TASK GOAL
Only one part of the listing is needed: the lines from the one with "Jorge Masvidal" through the last line, copied exactly and free of pictures.

THE RECORDS
· · · ·

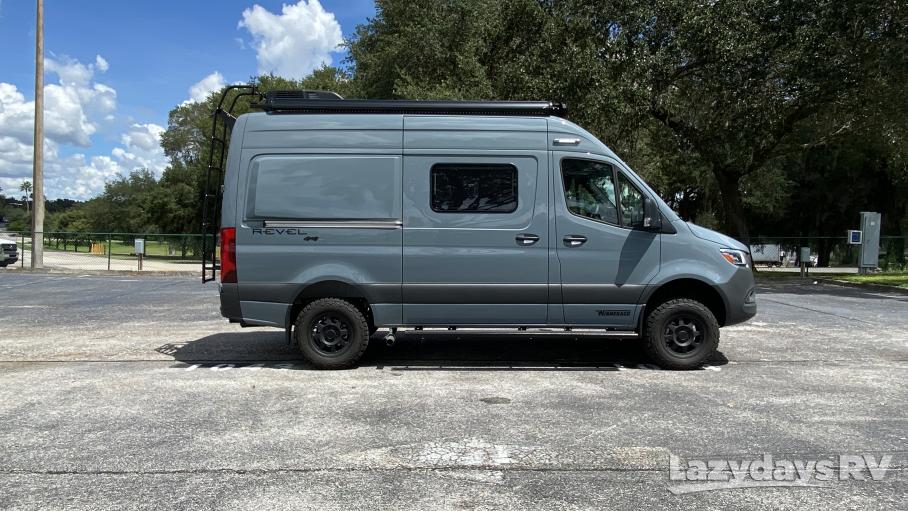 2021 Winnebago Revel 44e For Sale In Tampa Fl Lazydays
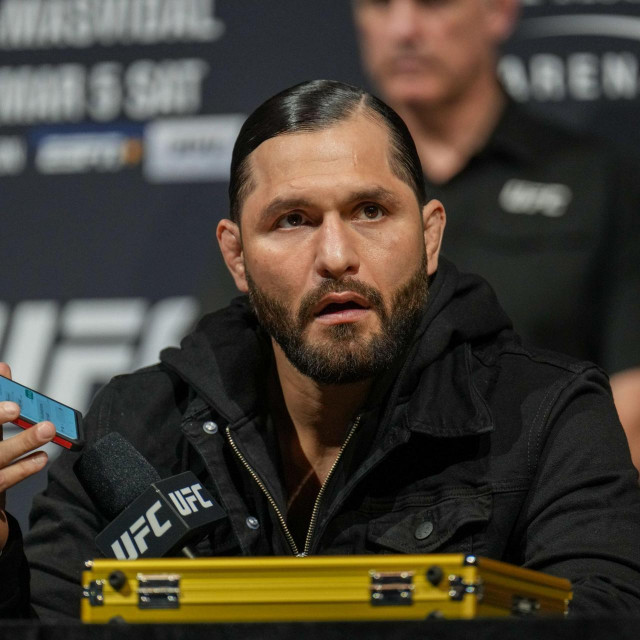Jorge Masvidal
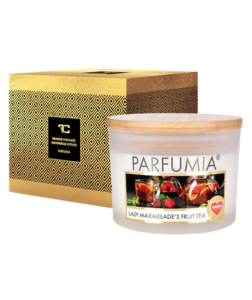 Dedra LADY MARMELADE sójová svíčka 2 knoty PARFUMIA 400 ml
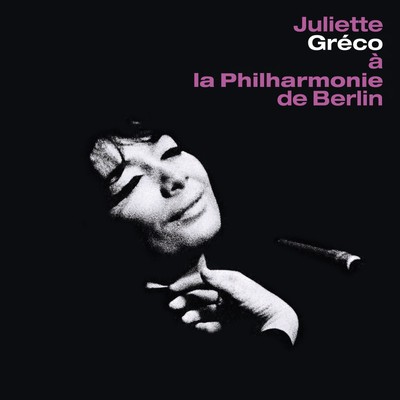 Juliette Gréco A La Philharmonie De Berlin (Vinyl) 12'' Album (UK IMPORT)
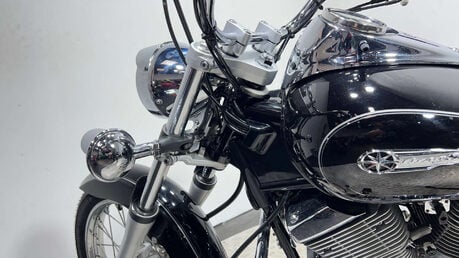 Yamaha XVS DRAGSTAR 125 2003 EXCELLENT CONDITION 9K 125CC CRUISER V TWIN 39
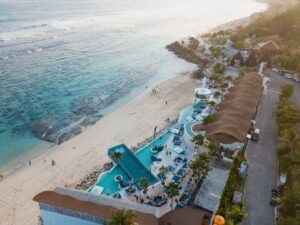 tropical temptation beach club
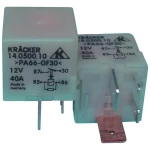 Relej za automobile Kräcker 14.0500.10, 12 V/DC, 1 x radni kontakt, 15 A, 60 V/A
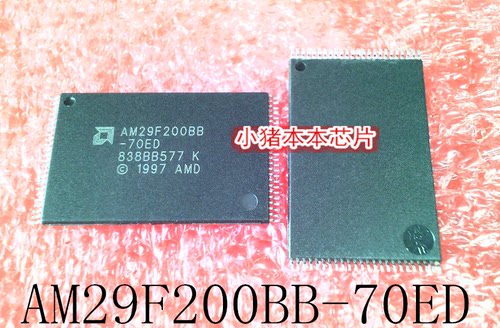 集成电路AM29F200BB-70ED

· · · ·

EXERCISE SOLUTION
Jorge Masvidal
 Dedra LADY MARMELADE sójová svíčka 2 knoty PARFUMIA 400 ml
 Juliette Gréco A La Philharmonie De Berlin (Vinyl) 12'' Album (UK IMPORT)
 Yamaha XVS DRAGSTAR 125 2003 EXCELLENT CONDITION 9K 125CC CRUISER V TWIN 39
 tropical temptation beach club
 Relej za automobile Kräcker 14.0500.10, 12 V/DC, 1 x radni kontakt, 15 A, 60 V/A
 集成电路AM29F200BB-70ED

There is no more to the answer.